## Task instructions:
Because the copy must hold no pictures, return the data below with all of its words intact.

[Start of Attachment]

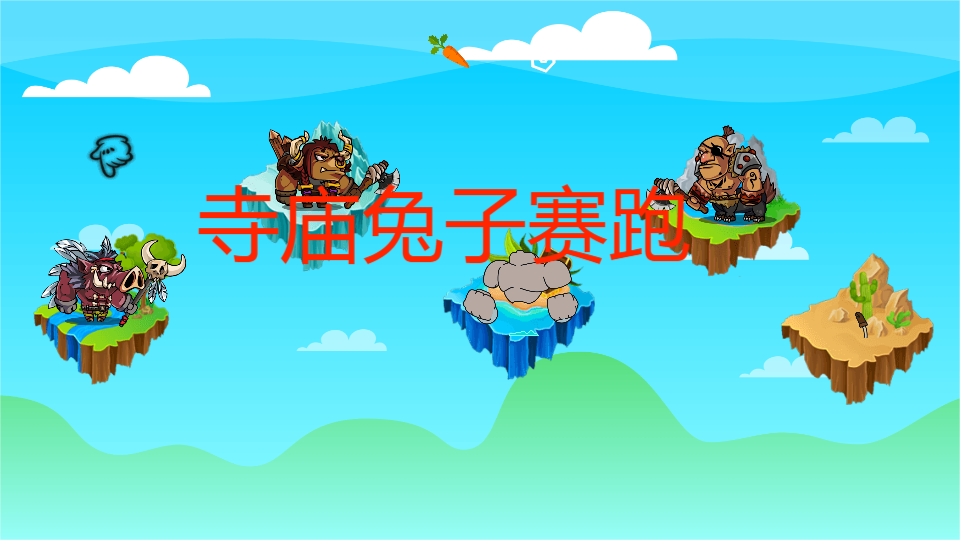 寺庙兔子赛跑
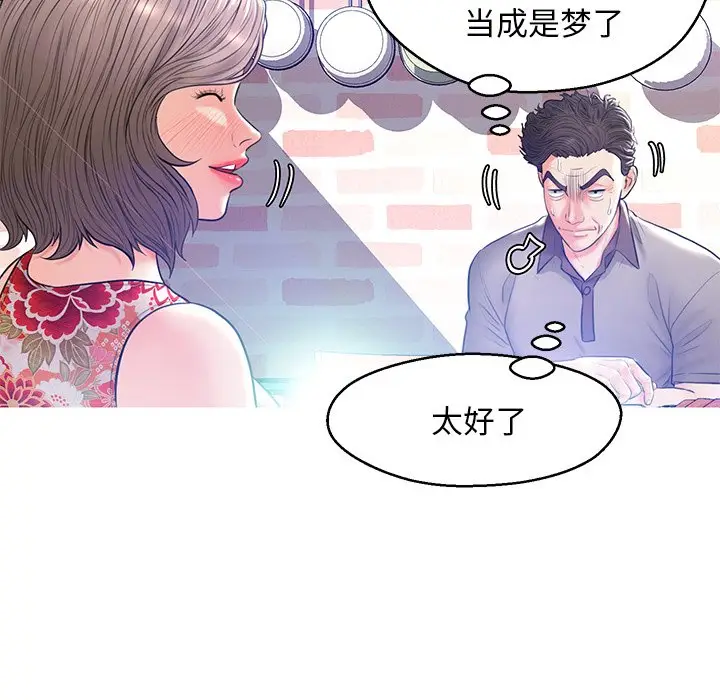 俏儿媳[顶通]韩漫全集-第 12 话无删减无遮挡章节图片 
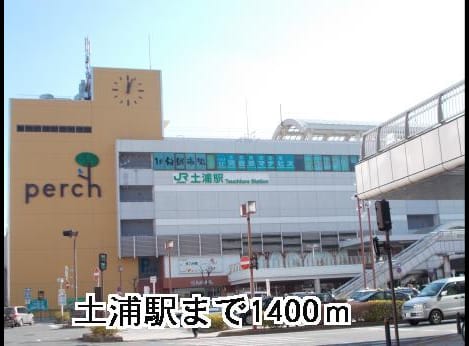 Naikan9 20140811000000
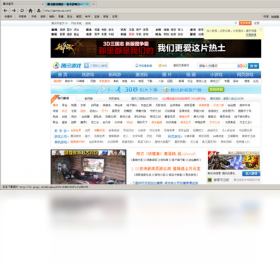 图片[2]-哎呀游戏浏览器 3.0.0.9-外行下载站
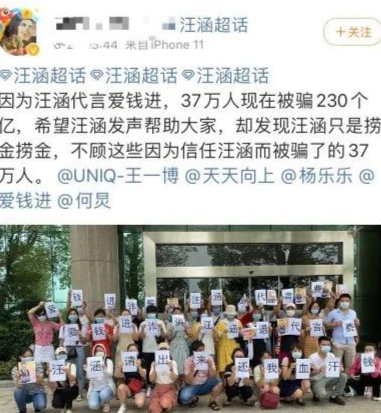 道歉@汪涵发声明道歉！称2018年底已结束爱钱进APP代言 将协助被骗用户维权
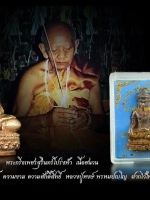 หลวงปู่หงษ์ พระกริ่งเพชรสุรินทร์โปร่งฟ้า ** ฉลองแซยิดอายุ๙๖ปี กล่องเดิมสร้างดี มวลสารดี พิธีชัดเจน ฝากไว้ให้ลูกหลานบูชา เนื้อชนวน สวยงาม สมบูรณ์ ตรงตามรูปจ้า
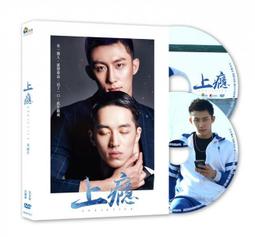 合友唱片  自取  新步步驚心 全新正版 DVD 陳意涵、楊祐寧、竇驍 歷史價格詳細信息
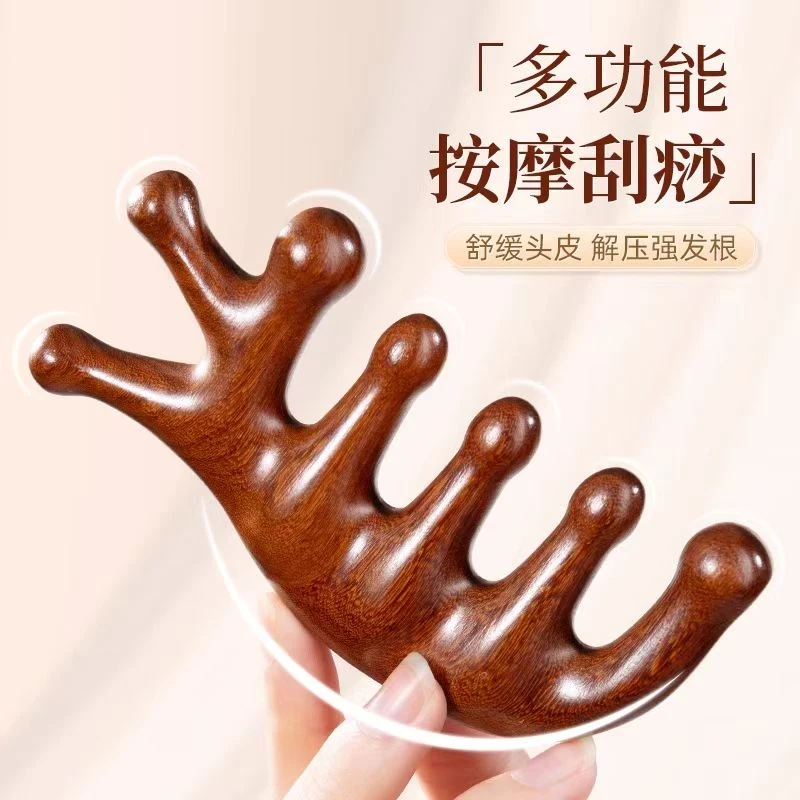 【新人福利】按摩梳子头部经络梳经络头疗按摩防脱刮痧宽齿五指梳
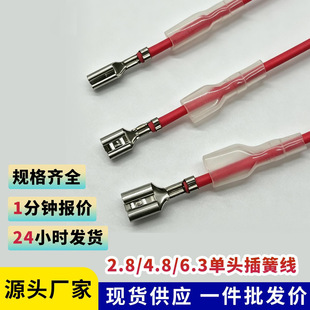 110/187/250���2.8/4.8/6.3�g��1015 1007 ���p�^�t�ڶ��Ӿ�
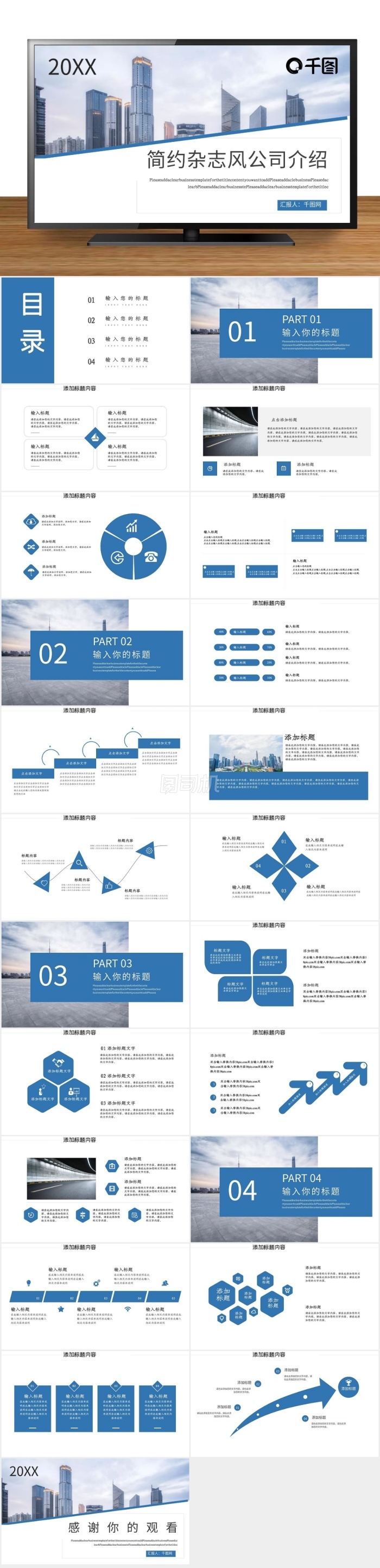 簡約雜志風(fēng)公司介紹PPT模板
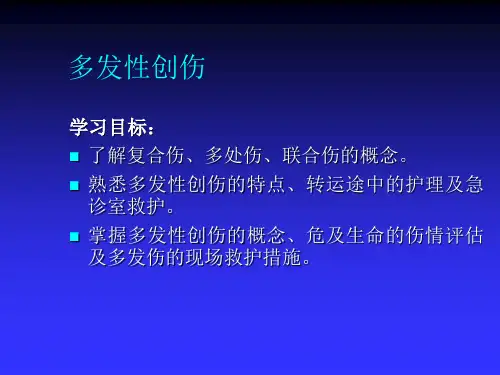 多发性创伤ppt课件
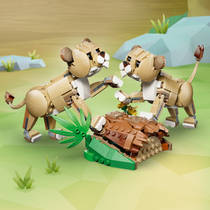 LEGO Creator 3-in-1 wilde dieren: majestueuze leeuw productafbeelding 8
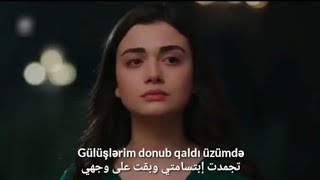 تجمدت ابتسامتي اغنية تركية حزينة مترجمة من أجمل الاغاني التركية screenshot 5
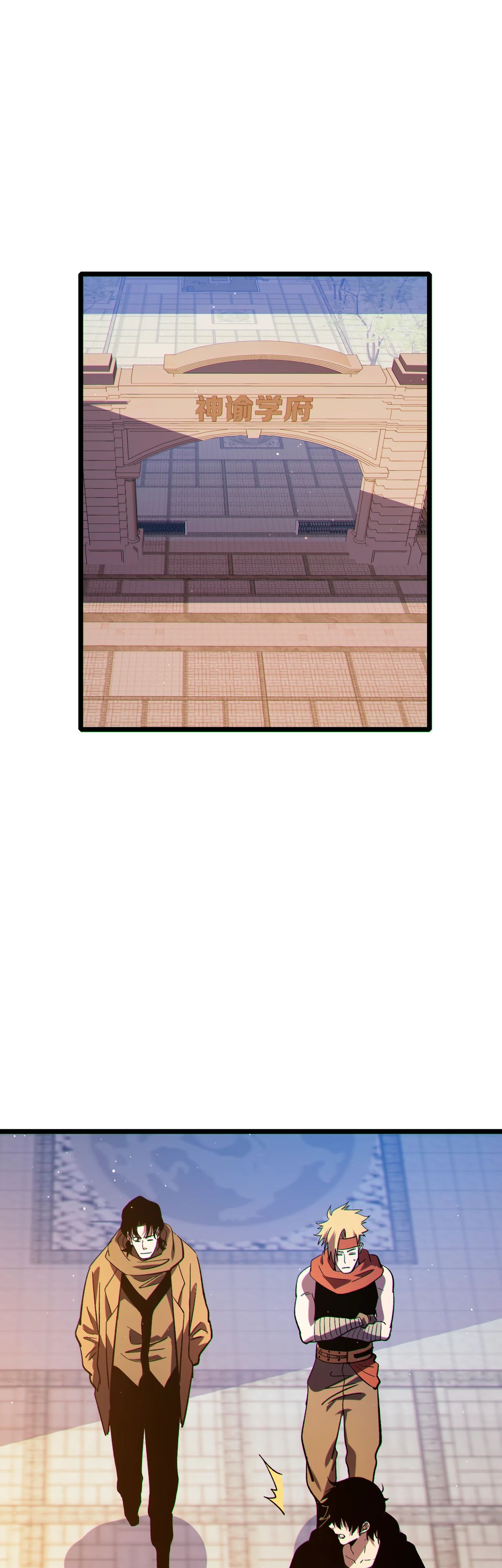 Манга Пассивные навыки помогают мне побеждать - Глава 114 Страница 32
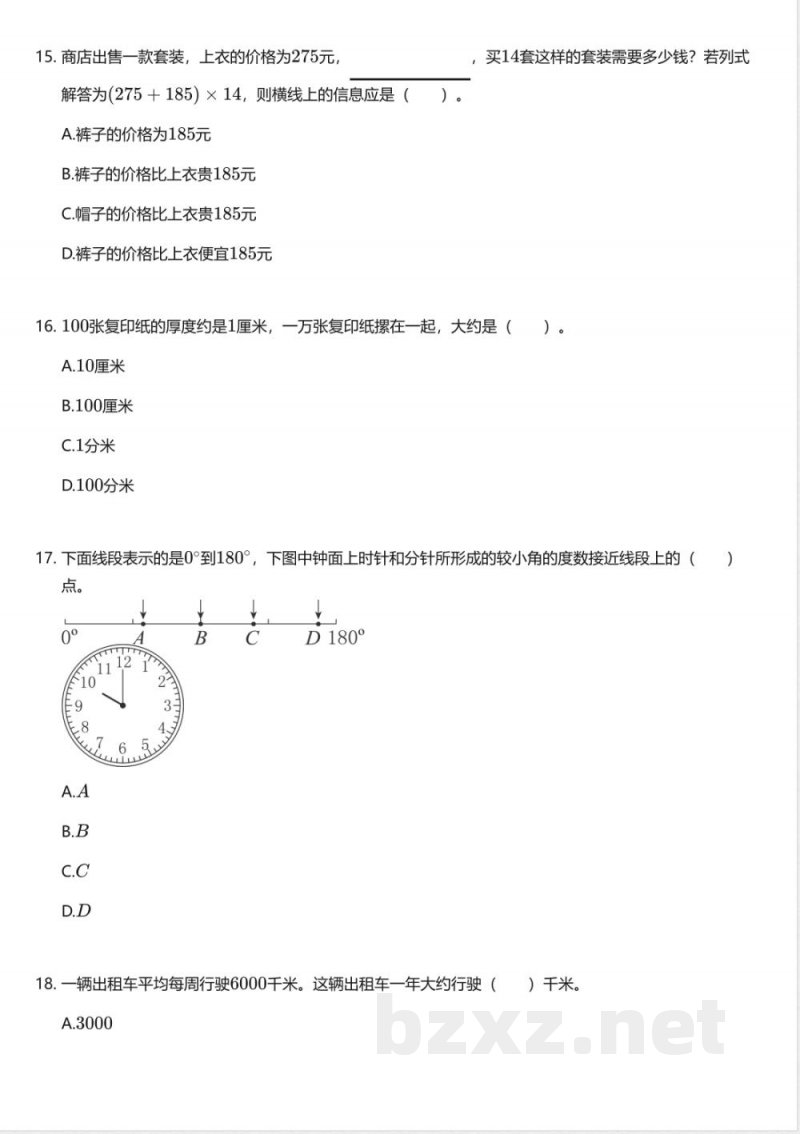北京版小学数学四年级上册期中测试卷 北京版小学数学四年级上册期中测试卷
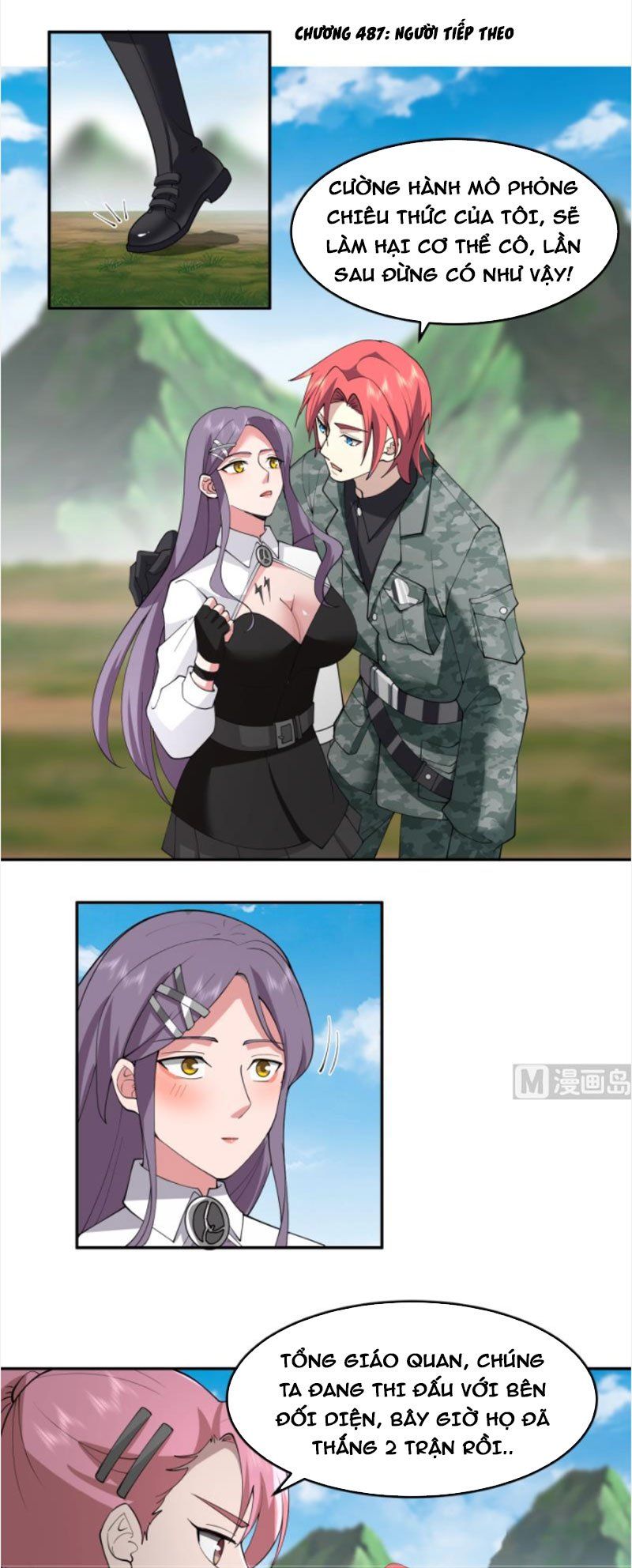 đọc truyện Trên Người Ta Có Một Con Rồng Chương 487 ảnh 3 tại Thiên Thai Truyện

[End of Attachment]

## Worked solution:
 寺庙兔子赛跑
 俏儿媳[顶通]韩漫全集-第 12 话无删减无遮挡章节图片 
 Naikan9 20140811000000
 图片[2]-哎呀游戏浏览器 3.0.0.9-外行下载站
 道歉@汪涵发声明道歉！称2018年底已结束爱钱进APP代言 将协助被骗用户维权
 หลวงปู่หงษ์ พระกริ่งเพชรสุรินทร์โปร่งฟ้า ** ฉลองแซยิดอายุ๙๖ปี กล่องเดิมสร้างดี มวลสารดี พิธีชัดเจน ฝากไว้ให้ลูกหลานบูชา เนื้อชนวน สวยงาม สมบูรณ์ ตรงตามรูปจ้า
 合友唱片  自取  新步步驚心 全新正版 DVD 陳意涵、楊祐寧、竇驍 歷史價格詳細信息
 【新人福利】按摩梳子头部经络梳经络头疗按摩防脱刮痧宽齿五指梳
 110/187/250���2.8/4.8/6.3�g��1015 1007 ���p�^�t�ڶ��Ӿ�
 簡約雜志風(fēng)公司介紹PPT模板
 多发性创伤ppt课件
 LEGO Creator 3-in-1 wilde dieren: majestueuze leeuw productafbeelding 8
 تجمدت ابتسامتي اغنية تركية حزينة مترجمة من أجمل الاغاني التركية screenshot 5
 Манга Пассивные навыки помогают мне побеждать - Глава 114 Страница 32
北京版小学数学四年级上册期中测试卷 北京版小学数学四年级上册期中测试卷
 đọc truyện Trên Người Ta Có Một Con Rồng Chương 487 ảnh 3 tại Thiên Thai Truyện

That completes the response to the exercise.